*** Opening Material provided ***
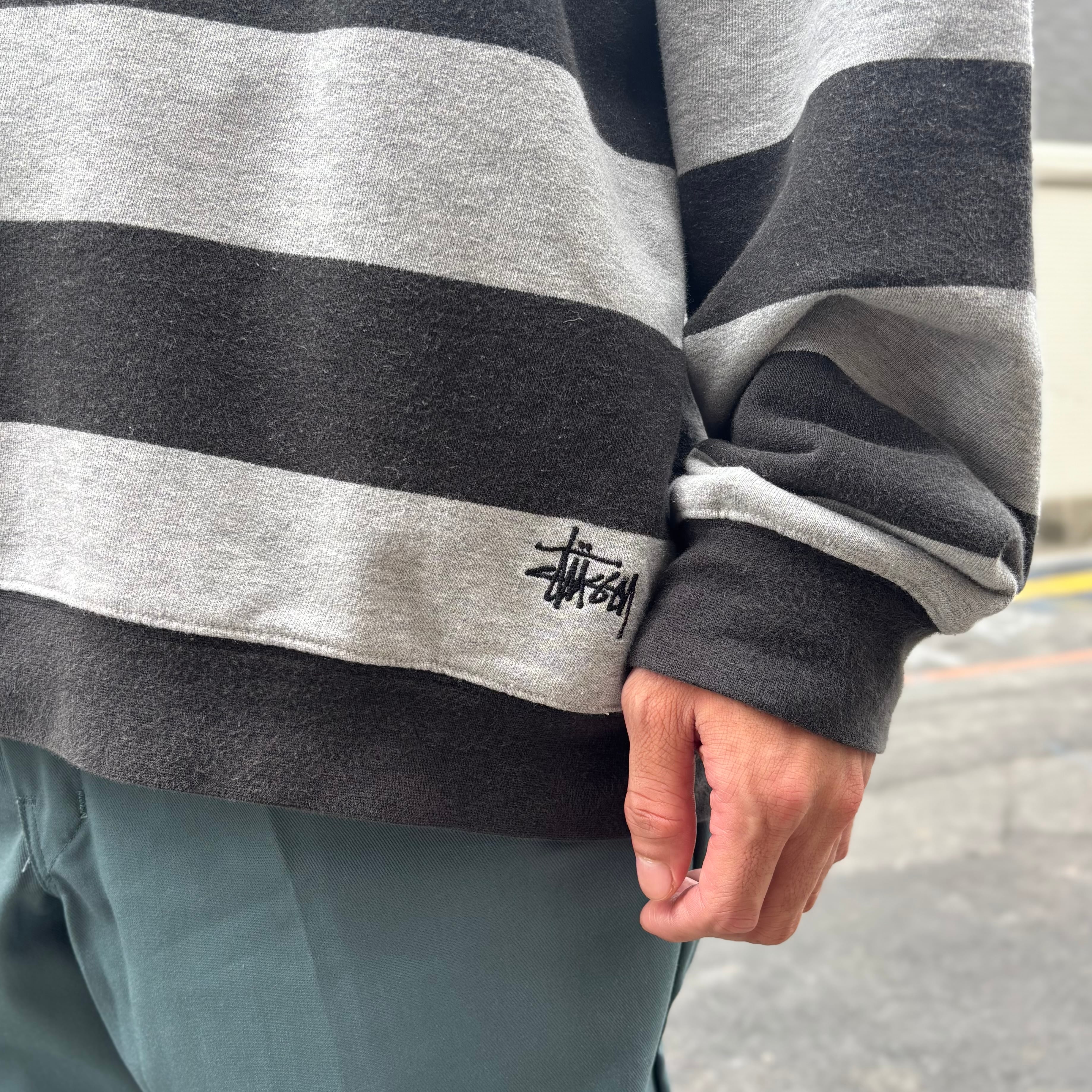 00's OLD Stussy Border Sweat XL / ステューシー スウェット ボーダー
*** Closing Material provided ***
*** Opening Material provided ***
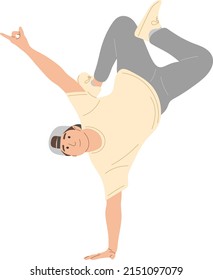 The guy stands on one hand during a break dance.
*** Closing Material provided ***
*** Opening Material provided ***
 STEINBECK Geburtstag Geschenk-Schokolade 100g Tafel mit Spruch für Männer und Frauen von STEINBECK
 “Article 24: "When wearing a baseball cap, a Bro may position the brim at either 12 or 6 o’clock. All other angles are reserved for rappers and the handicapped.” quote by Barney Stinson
*** Closing Material provided ***
• [Description of the task]:
The answer is the run of lines above from the line containing "STEINBECK Geburtstag Geschenk-Schokolade" through the line containing "by Barney Stinson", copied exactly and alone.

• [Reply]:
 STEINBECK Geburtstag Geschenk-Schokolade 100g Tafel mit Spruch für Männer und Frauen von STEINBECK
 “Article 24: "When wearing a baseball cap, a Bro may position the brim at either 12 or 6 o’clock. All other angles are reserved for rappers and the handicapped.” quote by Barney Stinson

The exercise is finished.